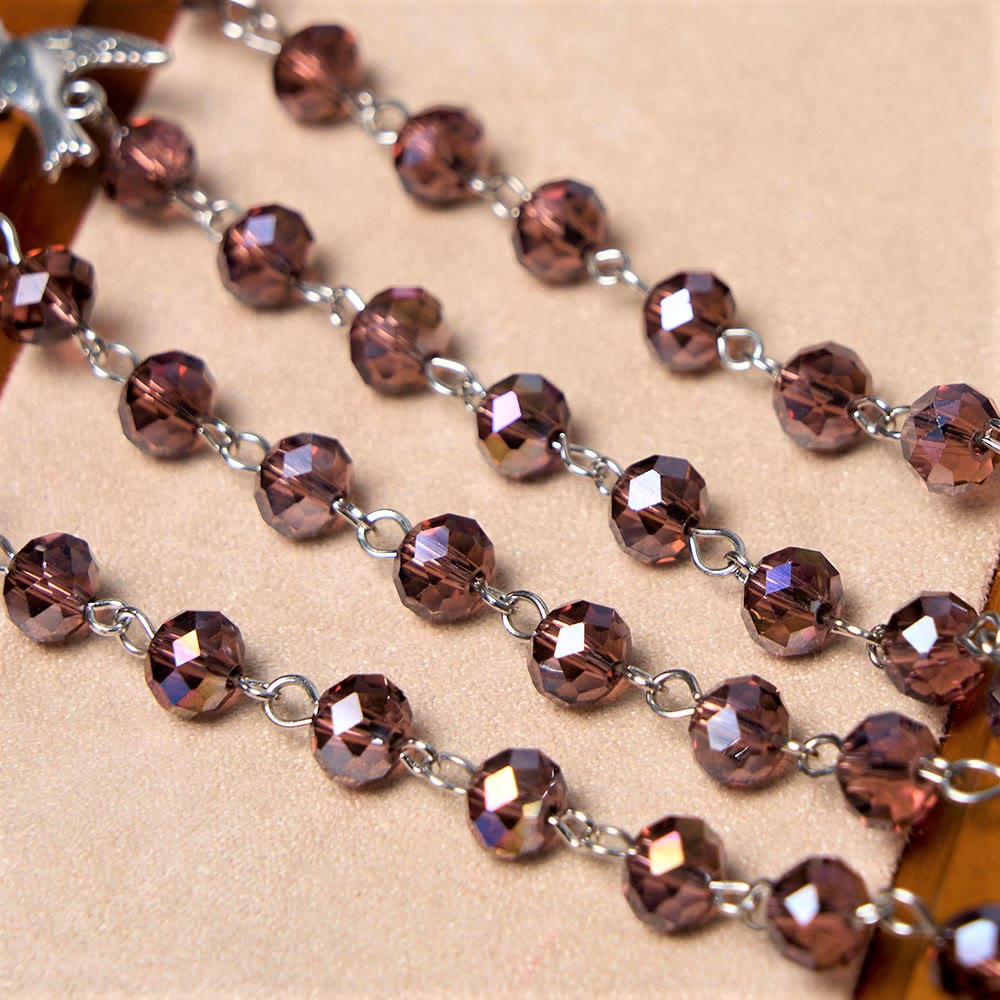 christiandiscipleshop Holy Spirit & Our Lady of Grace of 6*8 mm Polyhedron Purple Crystal Alloy Chain Rosary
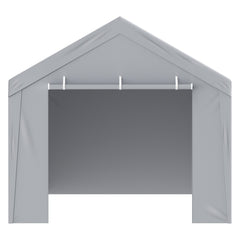 Carport Replacement Canopy Cover Top + Side Wall 10 x 20 ft, Garage Tent Shelter Tarp Heavy-Duty Waterproof & UV Protected, Easy Installation with Ball Bungees,White (Frame Not Included)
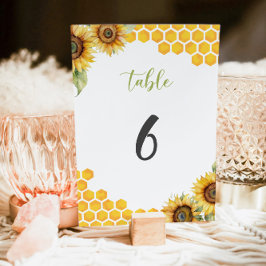 Tarjeta De Mesa Sunflower Bee Honey Baby Shower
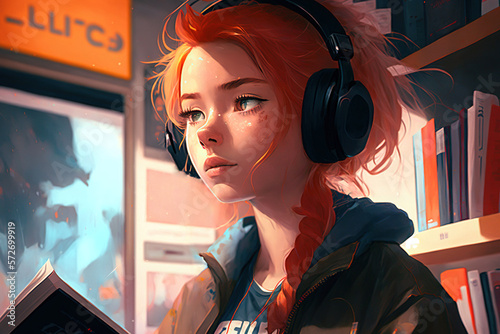 Fotografiet An anime-style girl with red hair wearing headphones, lo-fi style, generative ai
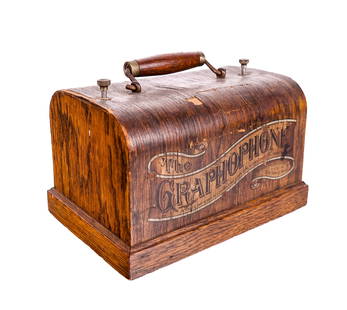 The Gramophone Columbia Oak Case: Columbia Phonograph - The Gramophone with an oak case, early 20th century. Much loss to case.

# [Problem statement]
The required output is the lines from the one containing "Fotografiet An anime-style" through the end of the records above, reproduced exactly, with no pictures.

# [Response to the exercise]
 Fotografiet An anime-style girl with red hair wearing headphones, lo-fi style, generative ai
 The Gramophone Columbia Oak Case: Columbia Phonograph - The Gramophone with an oak case, early 20th century. Much loss to case.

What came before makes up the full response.